The hideous hieroglyphics of Humbert's fatal lust bring to mind posredstvom sikh starcheskikh gieroglifof (by means of these senile hieroglyphs), a phrase used by Vasiliy Semi-Bulatov in Chekhov's humorous story (Chekhov's first published short story) Pis'mo k uchyonomu sosedu ("A Letter to the Learned Neighbor," 1880):

 

Дорогой Соседушка.

Максим... (забыл как по батюшке, извените великодушно!) Извените и простите меня старого старикашку и нелепую душу человеческую за то, что осмеливаюсь Вас беспокоить своим жалким письменным лепетом. Вот уж целый год прошел как Вы изволили поселиться в нашей части света по соседству со мной мелким человечиком, а я всё еще не знаю Вас, а Вы меня стрекозу жалкую не знаете.
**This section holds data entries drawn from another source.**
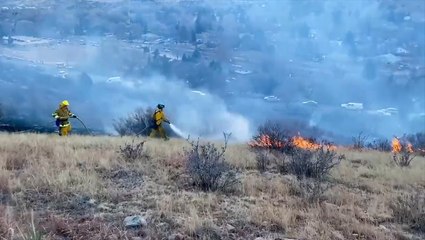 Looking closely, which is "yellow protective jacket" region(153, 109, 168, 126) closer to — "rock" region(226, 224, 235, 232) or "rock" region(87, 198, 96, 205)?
"rock" region(87, 198, 96, 205)

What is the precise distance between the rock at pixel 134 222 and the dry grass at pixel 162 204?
0.08 m

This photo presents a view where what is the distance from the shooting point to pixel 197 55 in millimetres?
82375

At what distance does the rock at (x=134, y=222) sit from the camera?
5.39m

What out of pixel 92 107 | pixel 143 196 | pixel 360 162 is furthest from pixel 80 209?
pixel 92 107

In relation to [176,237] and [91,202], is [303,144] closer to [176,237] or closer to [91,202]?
[91,202]

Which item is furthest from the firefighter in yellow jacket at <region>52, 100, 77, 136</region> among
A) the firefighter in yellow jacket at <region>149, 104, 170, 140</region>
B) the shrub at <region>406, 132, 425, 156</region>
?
the shrub at <region>406, 132, 425, 156</region>

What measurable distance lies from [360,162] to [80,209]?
8.41m

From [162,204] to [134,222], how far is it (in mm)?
664

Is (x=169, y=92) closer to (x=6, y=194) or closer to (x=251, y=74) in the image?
(x=251, y=74)

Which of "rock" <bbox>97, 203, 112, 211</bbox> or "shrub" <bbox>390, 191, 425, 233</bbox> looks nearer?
"rock" <bbox>97, 203, 112, 211</bbox>

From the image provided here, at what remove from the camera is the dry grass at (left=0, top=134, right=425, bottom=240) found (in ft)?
17.4

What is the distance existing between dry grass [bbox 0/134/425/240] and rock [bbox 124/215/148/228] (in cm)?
8

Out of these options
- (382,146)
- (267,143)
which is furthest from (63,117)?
(382,146)

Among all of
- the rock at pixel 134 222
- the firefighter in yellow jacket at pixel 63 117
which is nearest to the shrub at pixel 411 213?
the rock at pixel 134 222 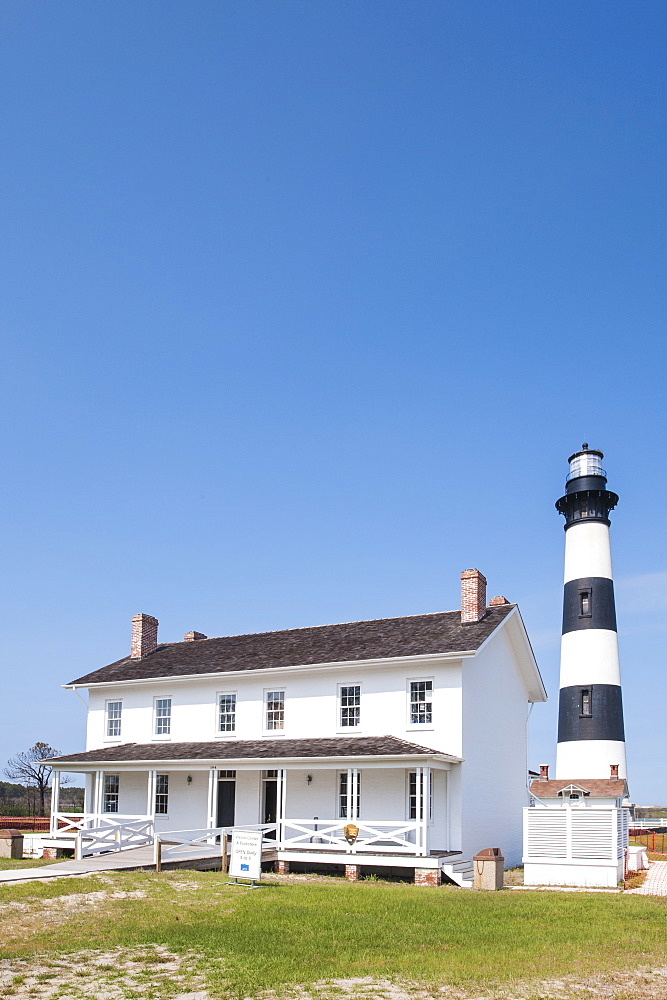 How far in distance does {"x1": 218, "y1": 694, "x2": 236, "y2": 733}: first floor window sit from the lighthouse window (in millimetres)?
11771

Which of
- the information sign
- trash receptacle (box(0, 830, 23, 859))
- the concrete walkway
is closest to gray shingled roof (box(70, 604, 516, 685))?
the concrete walkway

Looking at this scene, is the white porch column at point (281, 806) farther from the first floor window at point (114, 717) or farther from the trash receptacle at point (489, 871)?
the first floor window at point (114, 717)

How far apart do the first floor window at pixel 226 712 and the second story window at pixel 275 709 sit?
1346 millimetres

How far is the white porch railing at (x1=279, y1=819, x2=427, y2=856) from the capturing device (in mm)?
23078

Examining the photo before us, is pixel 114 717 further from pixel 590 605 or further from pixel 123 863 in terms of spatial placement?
pixel 590 605

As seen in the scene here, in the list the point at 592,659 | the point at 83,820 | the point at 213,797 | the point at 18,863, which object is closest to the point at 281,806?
the point at 213,797

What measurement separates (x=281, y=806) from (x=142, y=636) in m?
10.1

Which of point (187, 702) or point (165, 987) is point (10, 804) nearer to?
point (187, 702)

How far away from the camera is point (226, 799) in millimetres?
28766

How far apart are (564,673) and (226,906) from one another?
62.2ft

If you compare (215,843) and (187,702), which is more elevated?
(187,702)

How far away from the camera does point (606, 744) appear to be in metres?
31.1

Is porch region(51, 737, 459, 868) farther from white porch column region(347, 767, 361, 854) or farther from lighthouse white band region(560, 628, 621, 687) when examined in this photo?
lighthouse white band region(560, 628, 621, 687)

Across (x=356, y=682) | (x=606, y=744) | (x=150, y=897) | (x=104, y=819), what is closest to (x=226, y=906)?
(x=150, y=897) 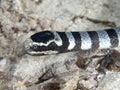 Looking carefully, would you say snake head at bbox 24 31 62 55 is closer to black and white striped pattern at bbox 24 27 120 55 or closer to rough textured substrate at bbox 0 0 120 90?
black and white striped pattern at bbox 24 27 120 55

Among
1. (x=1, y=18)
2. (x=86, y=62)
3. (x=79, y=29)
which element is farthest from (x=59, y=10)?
(x=86, y=62)

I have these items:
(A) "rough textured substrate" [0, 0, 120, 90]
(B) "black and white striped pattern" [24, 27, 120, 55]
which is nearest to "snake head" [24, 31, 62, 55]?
(B) "black and white striped pattern" [24, 27, 120, 55]

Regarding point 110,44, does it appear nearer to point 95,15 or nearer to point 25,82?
point 95,15

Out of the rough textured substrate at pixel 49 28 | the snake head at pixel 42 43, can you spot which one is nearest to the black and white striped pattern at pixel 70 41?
the snake head at pixel 42 43

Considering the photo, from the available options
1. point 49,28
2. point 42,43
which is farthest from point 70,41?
point 49,28

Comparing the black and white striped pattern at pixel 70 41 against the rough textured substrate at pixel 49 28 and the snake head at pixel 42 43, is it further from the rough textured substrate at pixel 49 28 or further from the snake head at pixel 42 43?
the rough textured substrate at pixel 49 28

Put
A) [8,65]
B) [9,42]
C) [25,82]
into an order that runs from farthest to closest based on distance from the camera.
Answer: [9,42] → [8,65] → [25,82] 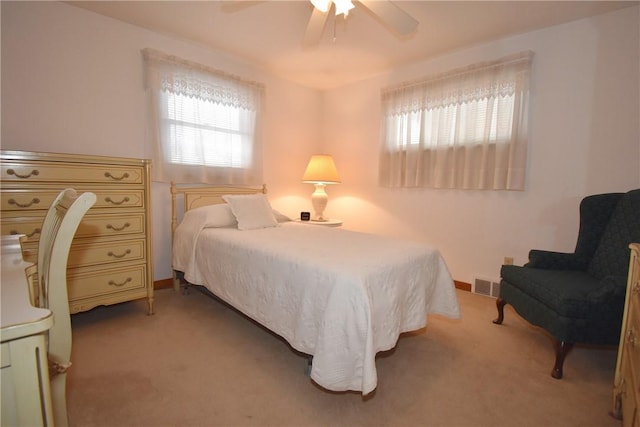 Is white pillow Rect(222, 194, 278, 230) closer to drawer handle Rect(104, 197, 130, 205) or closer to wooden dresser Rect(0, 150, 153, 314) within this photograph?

Позвольте ж драгоценный соседушка хотя посредством сих старческих гиероглифоф познакомиться с Вами, пожать мысленно Вашу ученую руку и поздравить Вас с приездом из Санкт-Петербурга в наш недостойный материк, населенный мужиками и крестьянским народом т. е. плебейским элементом.

 

In his memoir essay O Chekhove (“On Chekhov”), the first one in his book Na kladbishchakh (“At Cemeteries,” 1921), Vasiliy Nemirovich-Danchenko (a Russian writer and traveler, 1845-1936) compares Chekhov’s laughter to luch v potyomkakh (a ray in the dark):

 

Смеялся он редко, но когда смеялся, всем становилось весело, точно луч в потёмках.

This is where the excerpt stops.